Loving Fully Without Losing Oneself
How many catalysts do you need to self realize?
Our fundamental nature is the essence of pure light and radiant love. When this is not experienced moment to moment, it is because we are out of alignment. It means our attention has become distracted by relative and transient phenomena, the stuff of the world, the stuff of the mind. It means we are not abiding at our center within the essence of what we are. When we live from our essence, the experience is purity, divinity and bliss.
It is neither an exclusive choice to live in the inner or outer. Ideally, we abide in our center, anchor in that truth, and relate to the world from there. Difficulty and illusion arises when we disconnect from our center and become lost in the outer. When disconnected, we lose the knowingness of our eternity and infinity. This causes us to feel insecure, lacking and grasping. When disconnected, we live in fear and forget that in reality, nothing can truly harm us, take from us or make us less… at least on the level that it matters. When we live from our center, it is clear, that wholeness and completion are realized from within.
Relating for the sake of pure relating is rare. Most people engage in relating in order to acquire something – as though what they needed were outside them. We are constantly absorbed by the outer, and the outer is also in turn absorbed by us. Instant gratification and sensory-based pleasures are readily available, whereas the fruit of self-realization is much more subtle and sublime. It is easy to lose oneself in the world, and harder to pull back into the quietude and stillness of our center. There is no drama or light show in our pure nature, and where the spiritual path leads is not readily apparent. Only slow, gradual absorption into the inner realm reveals that lasting bliss is entirely an inner phenomenon, belonging to the realm of the soul. That is not to say it cannot be shared, but it is birthed from deep within. When anchored in our depth, our bliss is self-sustaining even if the world cannot return us the same vibration. Participation in the world suddenly takes on real meaning when we come from possessing ourselves and thus having something to truly share.

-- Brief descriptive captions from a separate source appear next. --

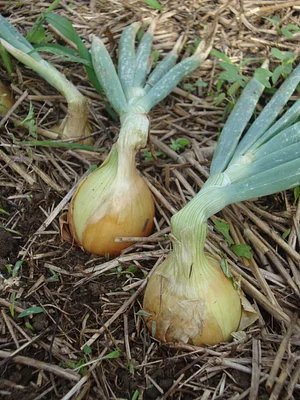 Photo Bulbos de cebola em sistema orgânico na fase de colheita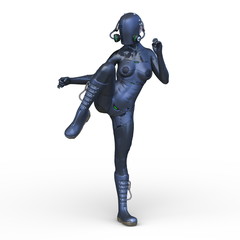 サイバーウーマン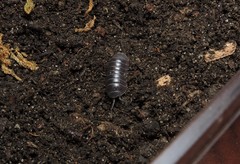 Armadillidium badium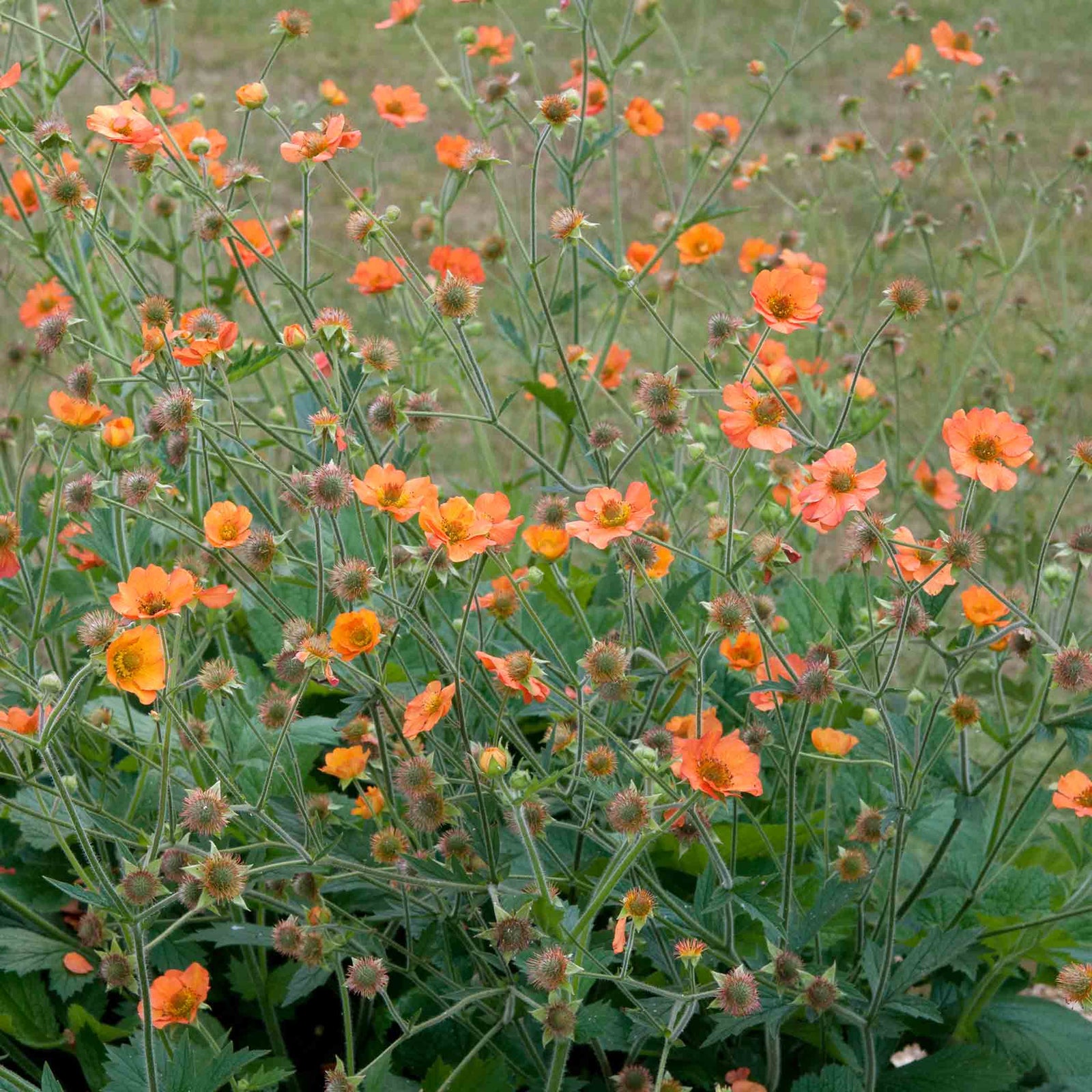 Geum 'totally Tangerine' Tangerine-orange Perennial | 3 x Jumbo Plugs | Multi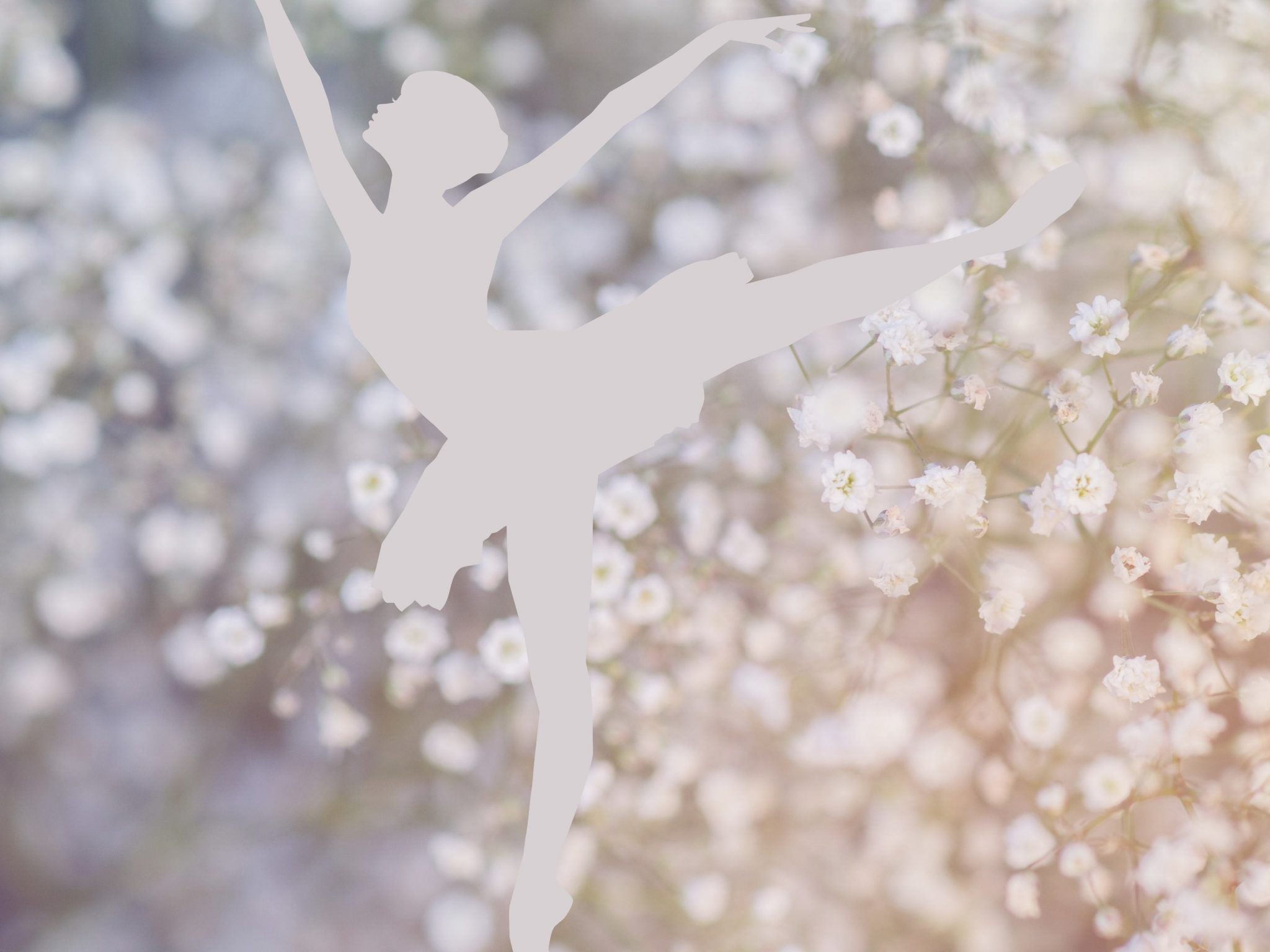 2048x1536 wallpaper Ballerina Girl Dance White Dandelion Flowers iPad Wallpaper 2048x1536 pixels resolution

There is however a deeper evolutionary impulse moving us when we engage in relationship, whether we know it or not. While we relate to the other in an attempt to “get” something from the experience, actually, what we are “getting” is basically a variation in our own self- experience. Our lucidity informs us that we fundamentally relate in an effort to know ourselves through the other. Through our contrast with the other, what we are is more magnified and revealed, our extremities and more delicate nuances all come to the surface. We get tested in relationship in ways that we may not otherwise when alone. Relationship is where story arises, so we have material to work with as we go within.
The direct pathway to self-realization is a deep dive within, the pure experience of our core essence. The other pathway is looped through the world of relationships, as we seek triggers to help us experience and remember various lost or disconnected aspects of self. If we do not find time to turn within, eventually all distractions fall away on their own, and we are faced with a very baseline experience of our true state. When our well-being is no longer being propped up by busyness, goals and distractions, at one point we finally meet ourselves, by ourselves. We dance between the world and relationships until we are ready to just be quiet and face the simplicity of our being.
The average mind-set will argue life is about relationship, connection and community, but without the fundamental connection to self, how to relate beyond the self. The idea is to remain anchored within and not lose oneself, while engaging in the world of relationships. It is fine to want connection with others but to want it out of lack, or to want it before wanting to know ourselves is a form of self-abandonment. People evade themselves all the time, but the deepest fulfillment is cultivated from within. From that intimate self-connection is then born our ability to truly connect with the world.
Inquire into the motives behind all outward seeking and activity. Would you be so busy trying to acquire what you do in the world, if you were truly connected to your self? When you relate, does it come from just the beauty of relating, with no aim or want? When you dance in the world, do you leave your self behind, and forget what you seek may already be present?